The 2022 technology stock meltdown brought widespread financial damage to Indices, ETFs, IPOs, VCs, cryptos and 401K plans. Markets are repricing the new reality of geopolitical tension, inflation and scarce money. But has the selloff brought opportunities?
Credit Benchmark Credit Consensus Ratings (CCRs) provide a unique angle; they are one step removed from volatile market values, reflecting balance sheet strength and the long-term robustness of business models.

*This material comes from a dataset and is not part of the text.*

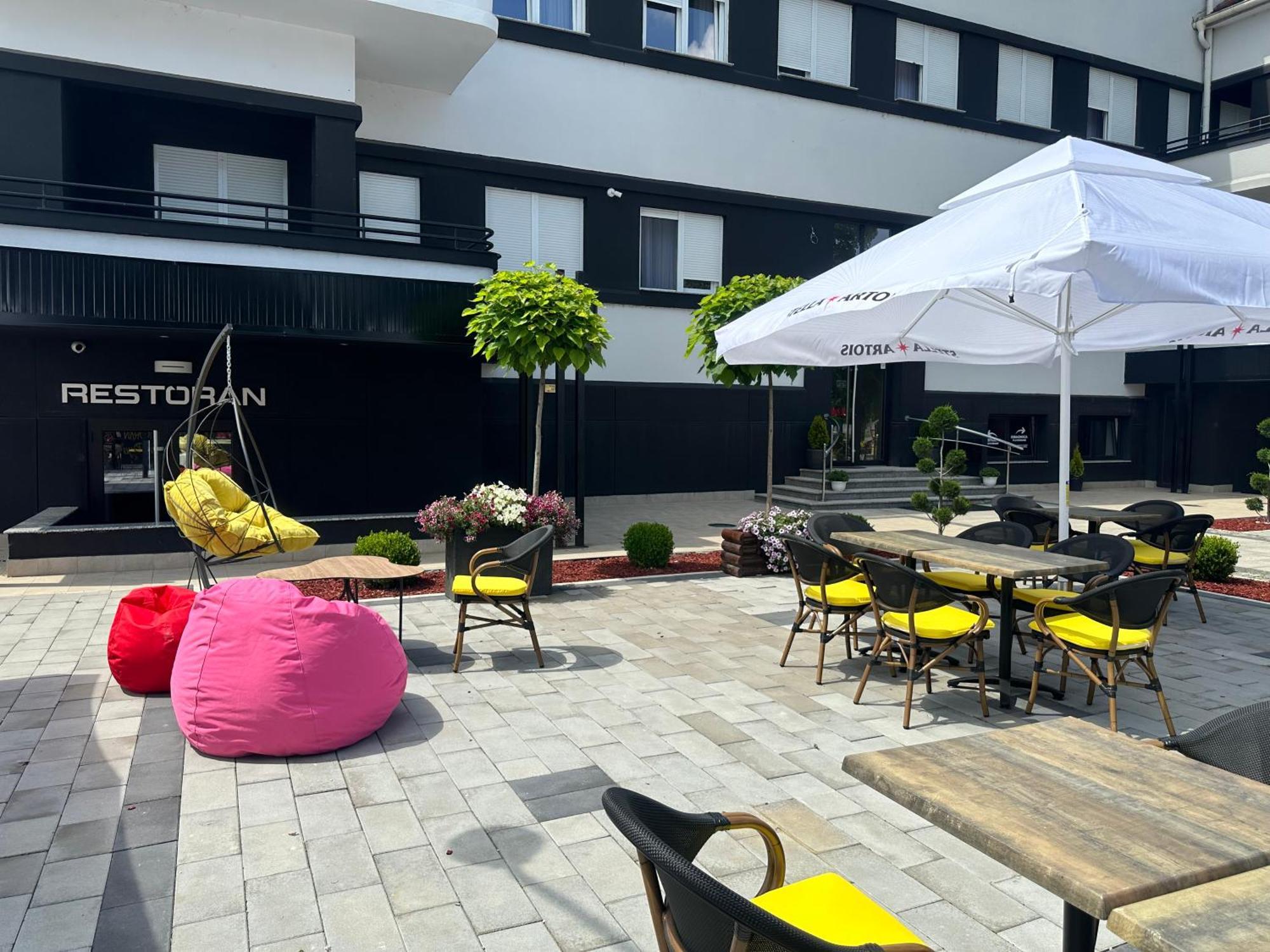 Hotel Cataleya Šabac エクステリア 写真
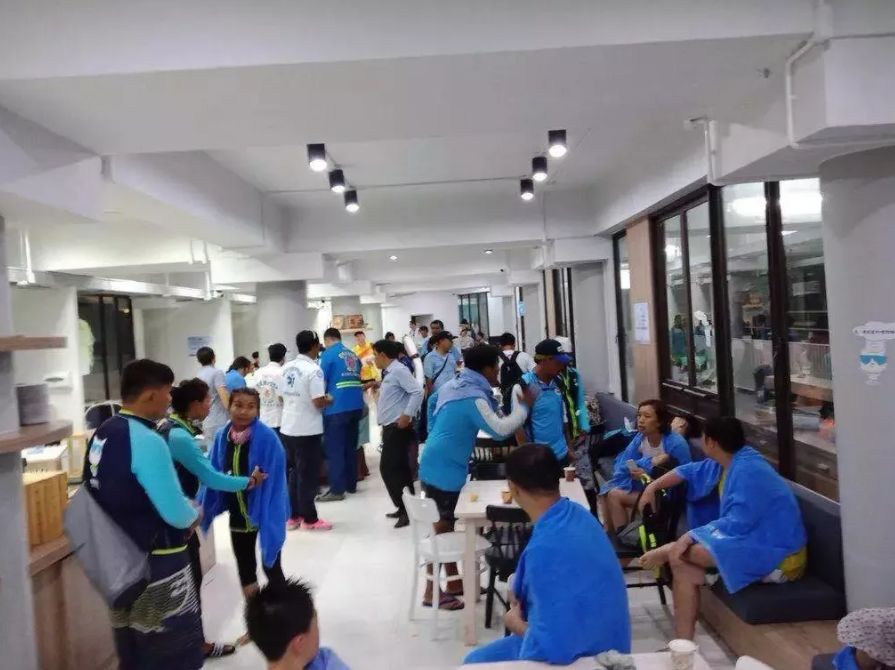 游船侧翻2人遇难,泰国普吉游船倾覆事件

Figure 1 plots the NASDAQ over the past two years against credit risk movements for the aggregates that cover some of the major technology companies (Broadline Retailers, for example include Amazon and eBay).
Figure 1: NASDAQ Equity Index and Credit Benchmark Technology Credit Trends
COVID was generally good for technology credit quality: after the initial limited downgrading, all three sectors have made a steady recovery. Hardware & Equipment shows a sustained improvement, even in recent months. This reflects the impact of WFH on demand for technology, and the explosion in online retail as a key household lifeline during early lockdown. Hybrid working is now the norm in many service industries, so the positive impact has persisted.
But equity price drops suggest tough times ahead. Supply chain issues have hobbled some product launches, and cash-strapped corporates are delaying hardware (and software) upgrades. Chip shortages are biting in many sectors; and this is not automatically good news for semiconductor manufacturers as material and energy costs spiral.
Funding for startups is drying up, and bond issues are becoming more expensive and less liquid. And households are cancelling streaming services with subscription fees are dropping in response, while non-essential subscription apps are not being renewed.
Share prices of the largest and best-known tech names have been severely hit, especially where earnings targets are missed or guidance has been downbeat.
Figure 2 shows 15 of the main tech stocks across a range of subsectors (as of July 11th).
Figure 2: Main Technology Stocks: Equity Performance YTD and CCRs
Microsoft (aa) results have been healthy, but its share price is down more than 20%; whereas the IBM (a) share price is actually up this year. Apple (aa) – also down approx. 20% – has maintained earnings but warns of supply chain challenges ahead.
Amazon (aa-) is suffering as the WFH peak passes, and competition intensifies. Alphabet (i.e. Google) (aa) reports significant drops in YouTube advertising revenue – although the share price has tracked Apple and Microsoft.
Meta (aa-) also missed earnings while its share price dropped nearly 50%, although the decline in user numbers seems to have stabilized. Tesla (bbb-) faces headwinds of increased competition and supply chain issues, plus the legal fallout from its abandoned Twitter takeover. Ironically, the Twitter (bbb-) share price probably benefited from a bid during the worst of the tech stock decline.
The relative price divergence between chipmakers Intel (aa-), Qualcomm (a+) and NVIDIA (a) show the impact of the cryptowinter on NVIDIA’s business.
It is no surprise to see weakness in the Salesforce (a) share price during a business downturn, but eBay (a-) is less predictable: more households are selling their junk to raise some cash, but they need buyers – and eBay report that overall revenues are down.
HP (bbb) and Oracle (bbb+) shareprices have been relatively stable, but the Oracle credit consensus rating has downgraded from a+ to bbb+ in the past 2 years. Figure 3 shows the detailed credit trend for Oracle Corp.
Figure 3: Oracle Corporation
So are there opportunities in the technology sector? Some of the “boring” tech companies are amongst the strongest credit ratings and best performers, but others have lagged, perhaps unfairly. And some of the weaker credits have avoided the worst of the tech rout.